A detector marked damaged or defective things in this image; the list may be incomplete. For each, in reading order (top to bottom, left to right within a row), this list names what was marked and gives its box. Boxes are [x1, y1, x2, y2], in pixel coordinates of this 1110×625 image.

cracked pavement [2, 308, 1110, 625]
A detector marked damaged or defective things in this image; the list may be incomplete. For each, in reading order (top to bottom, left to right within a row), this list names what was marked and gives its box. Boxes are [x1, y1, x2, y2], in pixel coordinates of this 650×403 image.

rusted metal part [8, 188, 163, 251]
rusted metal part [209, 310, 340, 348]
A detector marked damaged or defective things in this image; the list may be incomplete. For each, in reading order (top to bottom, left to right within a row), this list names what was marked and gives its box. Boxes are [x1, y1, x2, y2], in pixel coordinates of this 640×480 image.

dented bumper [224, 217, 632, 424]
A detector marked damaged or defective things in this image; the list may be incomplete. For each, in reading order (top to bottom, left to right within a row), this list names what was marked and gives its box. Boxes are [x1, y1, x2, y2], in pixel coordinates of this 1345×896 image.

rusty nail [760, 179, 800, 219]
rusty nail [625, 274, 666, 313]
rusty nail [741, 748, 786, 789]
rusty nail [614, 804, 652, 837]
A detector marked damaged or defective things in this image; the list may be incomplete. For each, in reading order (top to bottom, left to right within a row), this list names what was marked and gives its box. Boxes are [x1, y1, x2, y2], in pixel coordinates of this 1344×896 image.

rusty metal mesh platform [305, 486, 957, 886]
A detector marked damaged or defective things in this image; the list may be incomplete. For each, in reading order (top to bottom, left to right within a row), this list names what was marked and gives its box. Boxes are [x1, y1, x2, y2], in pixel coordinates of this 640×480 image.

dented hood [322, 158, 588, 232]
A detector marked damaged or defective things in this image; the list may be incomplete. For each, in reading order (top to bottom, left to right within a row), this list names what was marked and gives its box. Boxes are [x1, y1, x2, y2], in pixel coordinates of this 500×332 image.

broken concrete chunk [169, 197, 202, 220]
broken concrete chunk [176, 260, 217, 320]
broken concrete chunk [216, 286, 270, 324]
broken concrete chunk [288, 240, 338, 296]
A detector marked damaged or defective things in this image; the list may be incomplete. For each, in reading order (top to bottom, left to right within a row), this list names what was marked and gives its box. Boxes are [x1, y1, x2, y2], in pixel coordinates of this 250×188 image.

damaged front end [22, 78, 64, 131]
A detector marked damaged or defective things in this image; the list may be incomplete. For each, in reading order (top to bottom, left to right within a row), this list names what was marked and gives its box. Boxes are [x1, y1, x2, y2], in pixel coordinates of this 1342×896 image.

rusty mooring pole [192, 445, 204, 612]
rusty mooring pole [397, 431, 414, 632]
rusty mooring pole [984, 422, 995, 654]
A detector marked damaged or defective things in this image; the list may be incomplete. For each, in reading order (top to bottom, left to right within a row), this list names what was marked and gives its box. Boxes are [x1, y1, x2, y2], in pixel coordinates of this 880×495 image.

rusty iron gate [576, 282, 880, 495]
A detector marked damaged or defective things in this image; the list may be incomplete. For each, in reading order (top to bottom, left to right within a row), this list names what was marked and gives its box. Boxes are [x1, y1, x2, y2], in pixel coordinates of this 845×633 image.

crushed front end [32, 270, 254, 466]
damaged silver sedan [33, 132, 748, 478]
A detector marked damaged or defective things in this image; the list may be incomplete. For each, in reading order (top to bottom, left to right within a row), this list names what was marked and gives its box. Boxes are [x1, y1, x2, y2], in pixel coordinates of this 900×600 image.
──────────
**What you need to do**
Copy exactly the line containing "this 880×495 image." and each line after it through the end of the records above.

**Response**
A detector marked damaged or defective things in this image; the list may be incomplete. For each, in reading order (top to bottom, left to right within a row), this list names what was marked and gives its box. Boxes are [x1, y1, x2, y2], in pixel coordinates of this 880×495 image.

rusty iron gate [576, 282, 880, 495]
A detector marked damaged or defective things in this image; the list may be incomplete. For each, in reading order (top to bottom, left to right within a row), this list names what was marked and gives its box. Boxes are [x1, y1, x2, y2], in pixel coordinates of this 845×633 image.

crushed front end [32, 270, 254, 466]
damaged silver sedan [33, 132, 748, 478]
A detector marked damaged or defective things in this image; the list may be incomplete. For each, in reading order (top to bottom, left to right within a row), this list names what was marked and gives its box. Boxes are [x1, y1, x2, y2], in pixel coordinates of this 900×600 image.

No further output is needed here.